Yes, I think we need to run script here. We ignore script when the document is tearing down, but the understanding was we'd need to run script at other times or too many things would break.

It also looks like we tried to patch around this in issue 550427, but I think that fix was not quite correct unfortunately. The right fix is to move the update suspend scope for plugins one level higher, so it has longer lifetime than the ScriptForbiddenScope (yes, this is horrible, but it's what we do everywhere else). Hopefully this doesn't break anything else...

+jbroman, has script value serialization always required entering v8?

Yes. Structured serialization is defined to invoke the ordinary property "get" algorithm, which can in general run arbitrary script (due to getter properties).
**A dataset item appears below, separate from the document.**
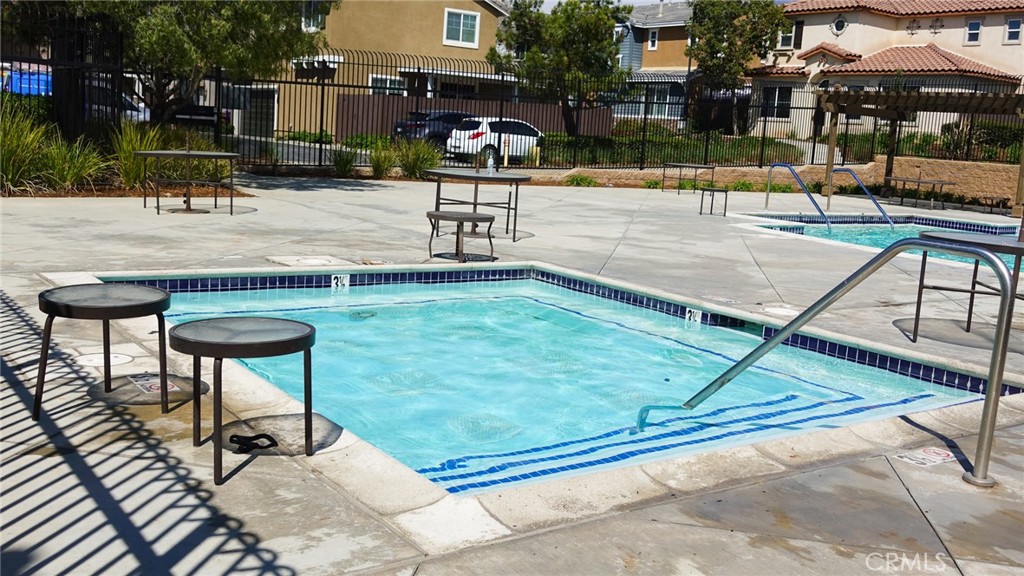 33953 Lily Road Yucaipa, CA 92399 - Photo 31 of 38 a view of a swimming pool with a lounge chair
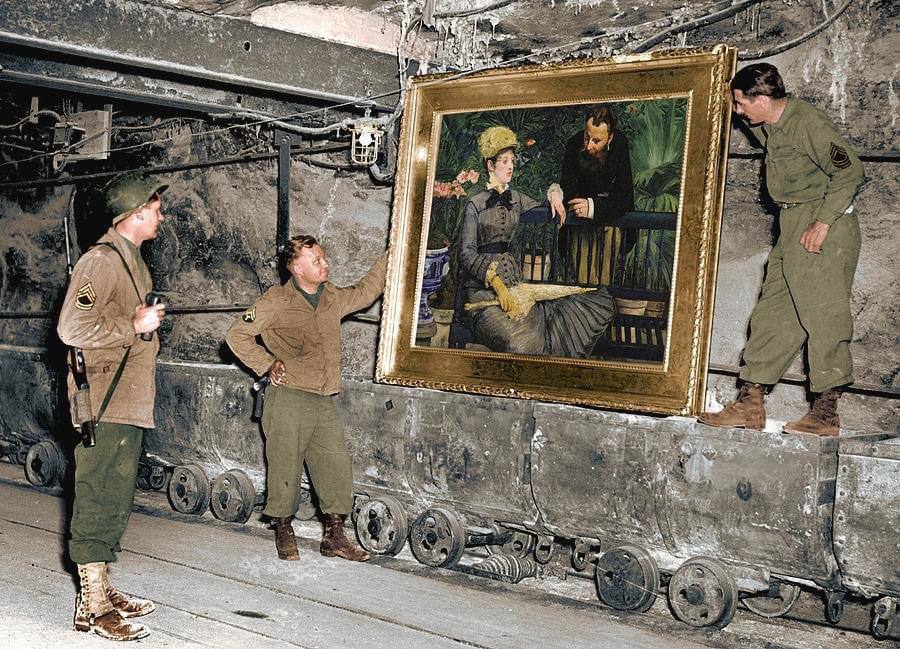 Trois soldats américains dans une galerie de mine souterraine tiennent près d’un wagonnet un tableau de Manet à cadre doré montrant une femme et un homme barbu.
That's unfortunate: that means the scripting block by PluginScriptForbiddenScope is incomplete. I'll look at removing this in a followup (as it's confusing and doesn't even block JS execution), and look at changing the timing of WebPlugin::Destroy() so these sorts of things don't matter.
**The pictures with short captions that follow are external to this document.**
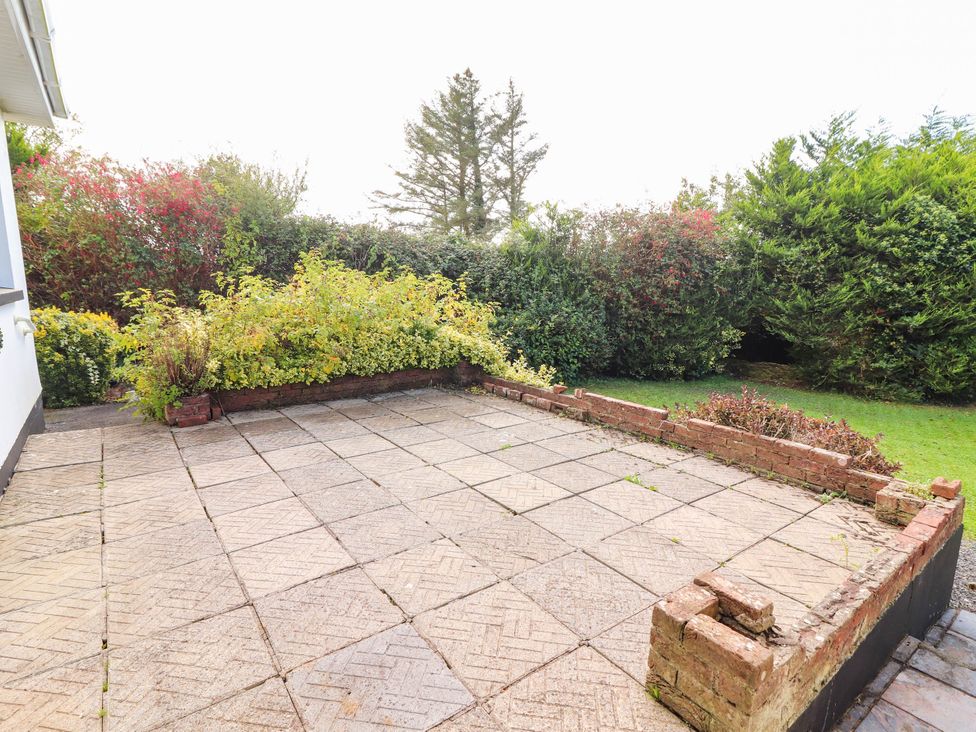 An outdoor area with paving stones and plants at Cross Beg in Kilmihil, County Clare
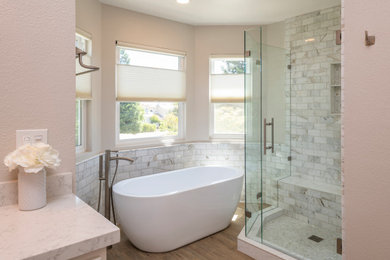 Trendy master gray tile and marble tile porcelain tile, brown floor and double-sink bathroom photo in San Francisco with white cabinets, beige walls, an undermount sink, quartz countertops, a hinged shower door, white countertops and a built-in vanity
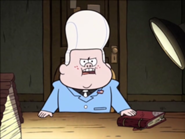 File:Gideon in his desk.png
The following revision refers to this bug:
  https://chromium.googlesource.com/chromium/src.git/+/33369cd5a61ac60732d73396fc0f3d0a141cd3e5

commit 33369cd5a61ac60732d73396fc0f3d0a141cd3e5
Author: Daniel Cheng <dcheng@chromium.org>
Date: Wed Oct 18 18:39:53 2017

Suspend plugin updates when scripting is forbidden.

Executing deferred plugin updates can run script, so ensure that
plugin updates are deferred until script forbidden scope is no
longer active.

Bug:  765920 
Change-Id: I42f89287c62bcf6ee748e04d984539644e839c99
Reviewed-on: https://chromium-review.googlesource.com/720173
Commit-Queue: Daniel Cheng <dcheng@chromium.org>
Reviewed-by: Kentaro Hara <haraken@chromium.org>
Reviewed-by: Yuki Shiino <yukishiino@chromium.org>
Cr-Commit-Position: refs/heads/master@{#509818}
[modify] https://crrev.com/33369cd5a61ac60732d73396fc0f3d0a141cd3e5/third_party/WebKit/Source/core/dom/Document.cpp
[modify] https://crrev.com/33369cd5a61ac60732d73396fc0f3d0a141cd3e5/third_party/WebKit/Source/core/exported/WebViewTest.cpp

ClusterFuzz has detected this issue as fixed in range 509798:509818.
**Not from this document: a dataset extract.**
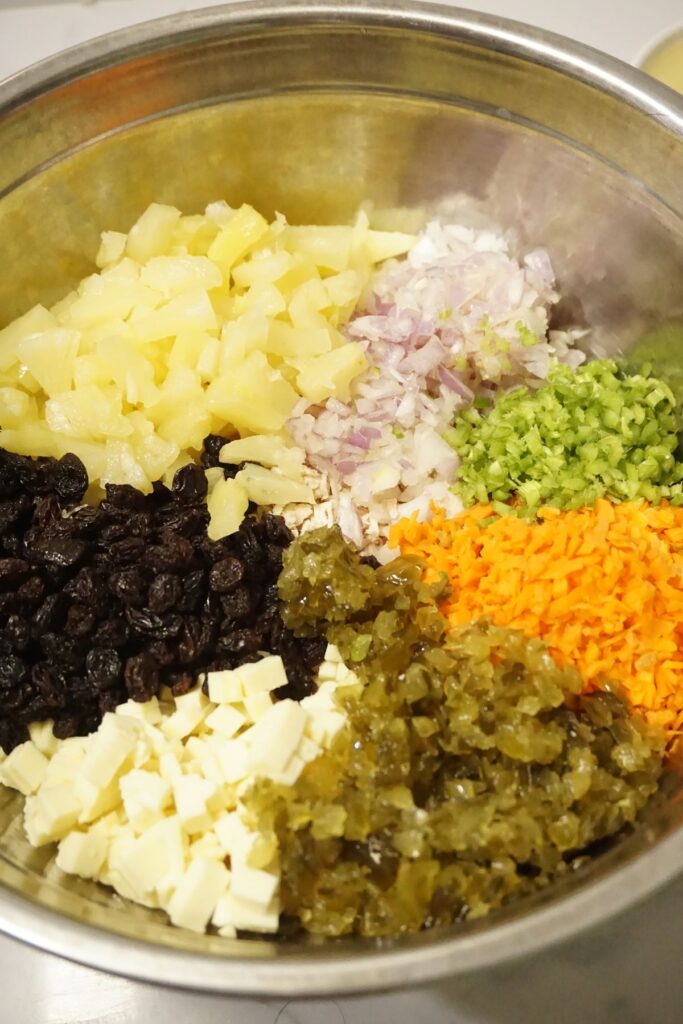 Macaroni salad ingredients in a metal bowl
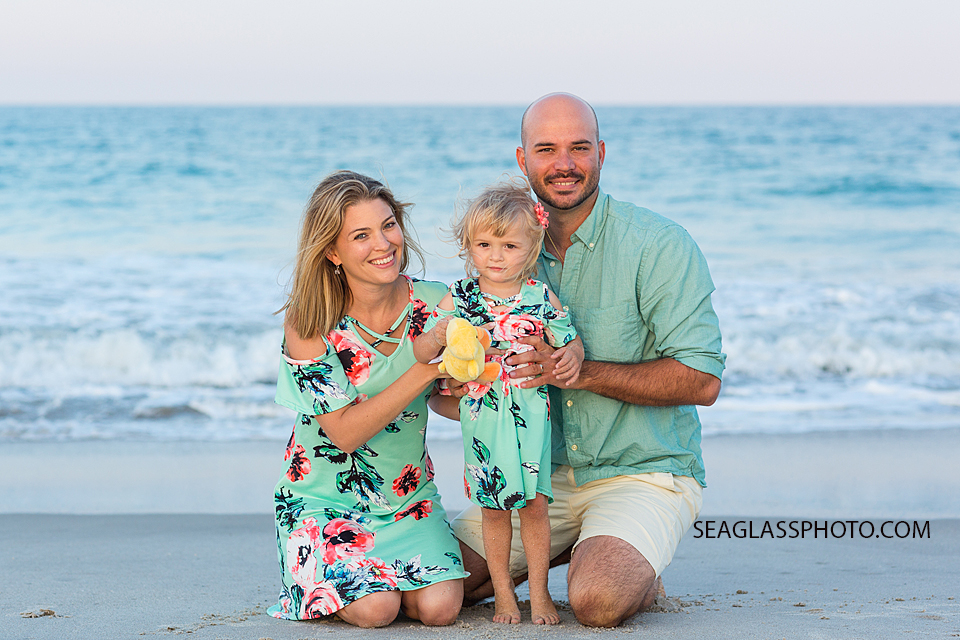 Family kneeling in front of the ocean on the beach during family photos in Vero Beach Florida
Detailed report: https://clusterfuzz.com/testcase?key=6694962849906688

Fuzzer: inferno_twister
Job Type: linux_asan_content_shell_drt
Platform Id: linux

Crash Type: CHECK failure
Crash Address: 
Crash State:
  !ScriptForbiddenScope::IsScriptForbidden() in V8PerIsolateData.cpp
  blink::BeforeCallEnteredCallback
  v8::CallDepthScope<true>::CallDepthScope
  
Sanitizer: address (ASAN)

Regressed: https://clusterfuzz.com/revisions?job=linux_asan_content_shell_drt&range=502407:502457
Fixed: https://clusterfuzz.com/revisions?job=linux_asan_content_shell_drt&range=509798:509818

Reproducer Testcase: https://clusterfuzz.com/download?testcase_id=6694962849906688

See https://github.com/google/clusterfuzz-tools for more information.

If you suspect that the result above is incorrect, try re-doing that job on the test case report page.

ClusterFuzz testcase 6694962849906688 is verified as fixed, so closing issue as verified.

If this is incorrect, please add ClusterFuzz-Wrong label and re-open the issue.